Ook rechtshandelingen namens een op te richten vennootschap die worden verricht zonder dat een vennootschap in oprichting stond ingeschreven in het handelsregister, vallen onder toepassing van de regeling van art. 2:93/203, die hierna wordt besproken.
Inschrijving in het handelsregister van een besloten vennootschap in oprichting draagt bij aan de duidelijkheid in het rechtsverkeer. Door de inschrijving kunnen derden kennisnemen van de beoogde oprichting van de vennootschap. Omdat ook personen die bevoegd zijn namens de vennootschap in oprichting op te treden, ingeschreven kunnen worden, krijgt men ook zicht op de betrokken oprichters en/of bestuurders. Wanneer een persoon niet is ingeschreven in het handelsregister maar toch handelt namens de op te richten vennootschap, geldt, evenals in het geval hij wel ingeschreven zou staan, art. 2:93/203, waarover hieronder meer.
Formulier 7 (Inschrijving BV/NV in oprichting) vereist onder meer een notarisverklaring waaruit blijkt dat de notaris met de oprichting van de BV of NV belast is. Er zijn twee mogelijkheden om aan dit vereiste te voldoen. De persoon die namens de BV of NV in oprichting handelt kan een afzonderlijke verklaring van de notaris indienen bij indiening van formulier 7. Ook kan de notaris onderdeel 4 van de verklaring invullen en ondertekenen. Een aparte notarisverklaring is in dat geval niet nodig.
Ondertekening van het formulier om een op te richten vennootschap in te schrijven geschiedt door de persoon die handelt namens de op te richten vennootschap of door de notaris.

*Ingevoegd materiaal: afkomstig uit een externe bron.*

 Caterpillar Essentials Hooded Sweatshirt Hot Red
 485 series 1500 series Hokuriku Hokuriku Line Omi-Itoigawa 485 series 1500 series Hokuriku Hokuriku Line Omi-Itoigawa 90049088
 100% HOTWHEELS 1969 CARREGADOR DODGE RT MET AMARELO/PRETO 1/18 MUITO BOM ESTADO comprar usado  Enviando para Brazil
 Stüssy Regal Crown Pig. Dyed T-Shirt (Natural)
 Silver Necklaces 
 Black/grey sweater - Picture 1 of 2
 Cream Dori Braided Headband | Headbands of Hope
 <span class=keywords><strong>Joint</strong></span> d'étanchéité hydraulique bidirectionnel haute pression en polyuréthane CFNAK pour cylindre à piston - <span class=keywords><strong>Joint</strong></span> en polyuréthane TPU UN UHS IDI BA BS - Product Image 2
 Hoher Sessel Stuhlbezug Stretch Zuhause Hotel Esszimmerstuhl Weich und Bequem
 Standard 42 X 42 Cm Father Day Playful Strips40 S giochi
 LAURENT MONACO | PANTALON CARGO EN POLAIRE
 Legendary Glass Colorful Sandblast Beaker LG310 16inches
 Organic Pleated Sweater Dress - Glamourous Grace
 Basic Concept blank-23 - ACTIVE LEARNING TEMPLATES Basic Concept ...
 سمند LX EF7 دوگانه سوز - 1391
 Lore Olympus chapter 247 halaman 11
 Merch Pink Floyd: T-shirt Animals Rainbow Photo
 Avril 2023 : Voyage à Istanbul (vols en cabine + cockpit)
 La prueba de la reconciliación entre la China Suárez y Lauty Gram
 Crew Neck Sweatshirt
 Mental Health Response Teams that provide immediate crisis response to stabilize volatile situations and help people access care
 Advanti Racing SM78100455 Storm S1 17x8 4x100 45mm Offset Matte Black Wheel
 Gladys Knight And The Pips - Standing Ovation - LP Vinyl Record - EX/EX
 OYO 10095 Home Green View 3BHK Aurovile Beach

2.3.2.1 De rechtshandeling namens een op te richten vennootschap
Wanneer er wordt gehandeld namens een naamloze of besloten vennootschap in oprichting is art. 2:93 respectievelijk art. 2:203 van toepassing. In de praktijk is soms moeilijk te bepalen of een rechtshandeling werd verricht namens een op te richten vennootschap of dat de rechtshandeling op naam van de handelende persoon zelf geschiedde.
Art. 2:93 en art. 2:203 geven een regeling voor rechtshandelingen ‘namens’ een op te richten vennootschap. Het gebruik van het woord ‘namens’ in de wetsbepaling betekent niet dat vereist is dat de beoogde naam van de op te richten vennootschap genoemd is. Ook als geen toekomstige naam is genoemd, is het mogelijk dat een rechtshandeling is verricht namens een op te richten vennootschap. Relevant voor de kwalificatie van de rechtshandeling is ook de aard en de inhoud van een overeenkomst. Soms kan, als twijfel bestaat over de kwalificatie van de rechtshandeling, uit de aard of inhoud van een overeenkomst worden afgeleid dat deze toch geacht moet worden te zijn verricht namens een op te richten vennootschap.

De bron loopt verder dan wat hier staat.